Packard One-Twenty touring: 110 hp. Moscow transport museum
The Packard Twelfth Series One-Twenty is an automobile produced by the Packard Motor Car Company of Detroit, Michigan, from 1935 to 1937 and from 1939 through the 1941 model years. The One-Twenty model designation was derived from the wheelbase, and it was replaced by the Packard 200.
The One-Twenty signified the first time that Packard had entered into the highly competitive mid-priced eight-cylinder car market. Packard enthusiasts view the production of the One-Twenty and the Six/One-Ten models as the start of Packard’s losing its hold on the market as the premier American luxury automotive brand. It was a marketing strategy shared with GM’s LaSalle, the Chrysler Airstream, and the Lincoln-Zephyr. It was introduced after Rolls-Royce brought to market the Rolls-Royce Twenty, which was manufactured between 1922 and 1929 (succeeded by the Rolls-Royce 20/25 which was built until 1936).

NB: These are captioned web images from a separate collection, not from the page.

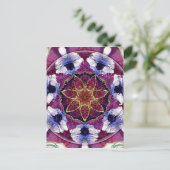 Blume des Lebens Mandala 8 Karten (Stehend Vorderseite)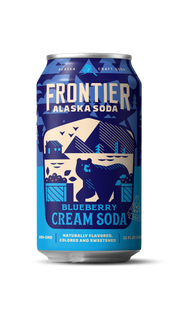 Blueberry Cream Soda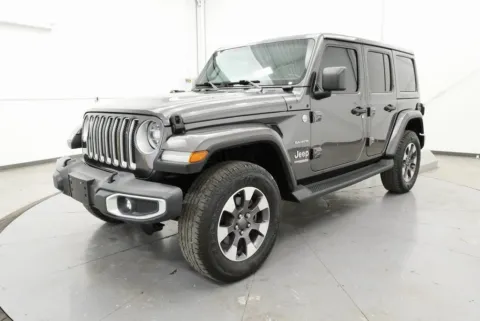 Another view of 2021 Jeep Wrangler Unlimited Sahara for sale in Carroll, OH at Braden Cadillac GMC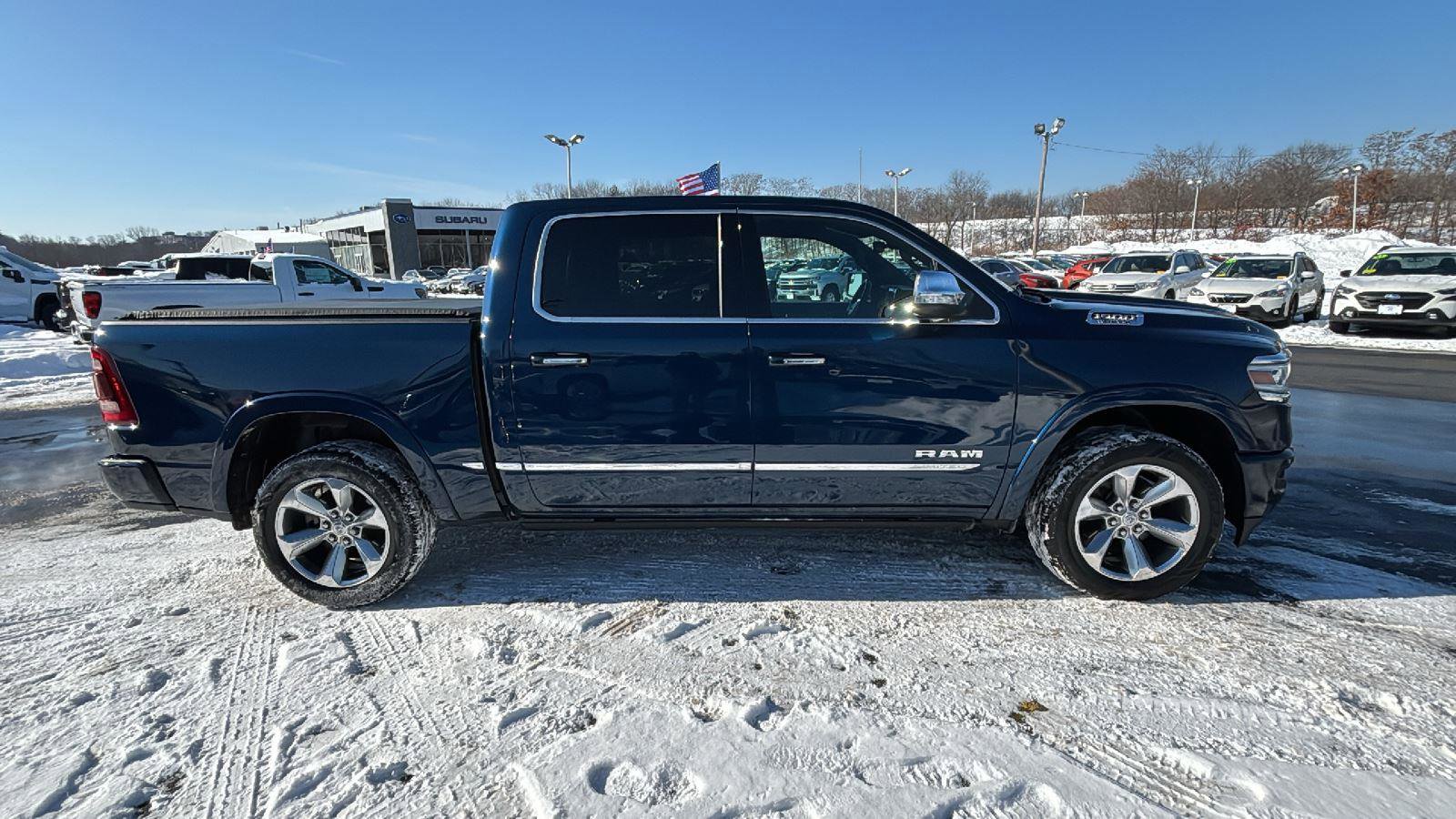 Used 2022 RAM 1500 Limited w/ Body Color Bumper Group image 8
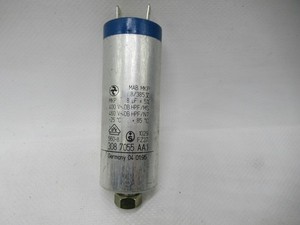 Kondensator Trockner Siemens MAB MKP , MKP 8uF , nr 3087055AA1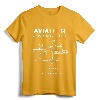 Airplane Pilot T-Shirt - Funny Pilot Troubleshooting Guide Tee for Aviation Enthusiasts and Professionals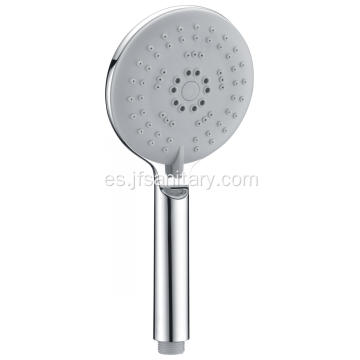 Ahorrador de agua de ducha de mano de baño cromado ABS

The introduction of the One-Twenty (and later the Six/One-Ten models) was a necessary move to keep Packard in business during the final years of the Great Depression, expanding on an earlier approach with the Packard Light Eight. Branding the One-Twenty a Packard afforded buyers the cachet of owning a Packard. Other reasons the company decided to forgo the development of a companion brand name to sell the less expensive models may have been linked to its single production line capability at its Grand Boulevard manufacturing plant or to the expense of launching a new brand of automobile. It also ushered in a novel advertising approach, commissioning an advertising “jingle” called “When Heaven Was at the Corner of Sycamore and Main”.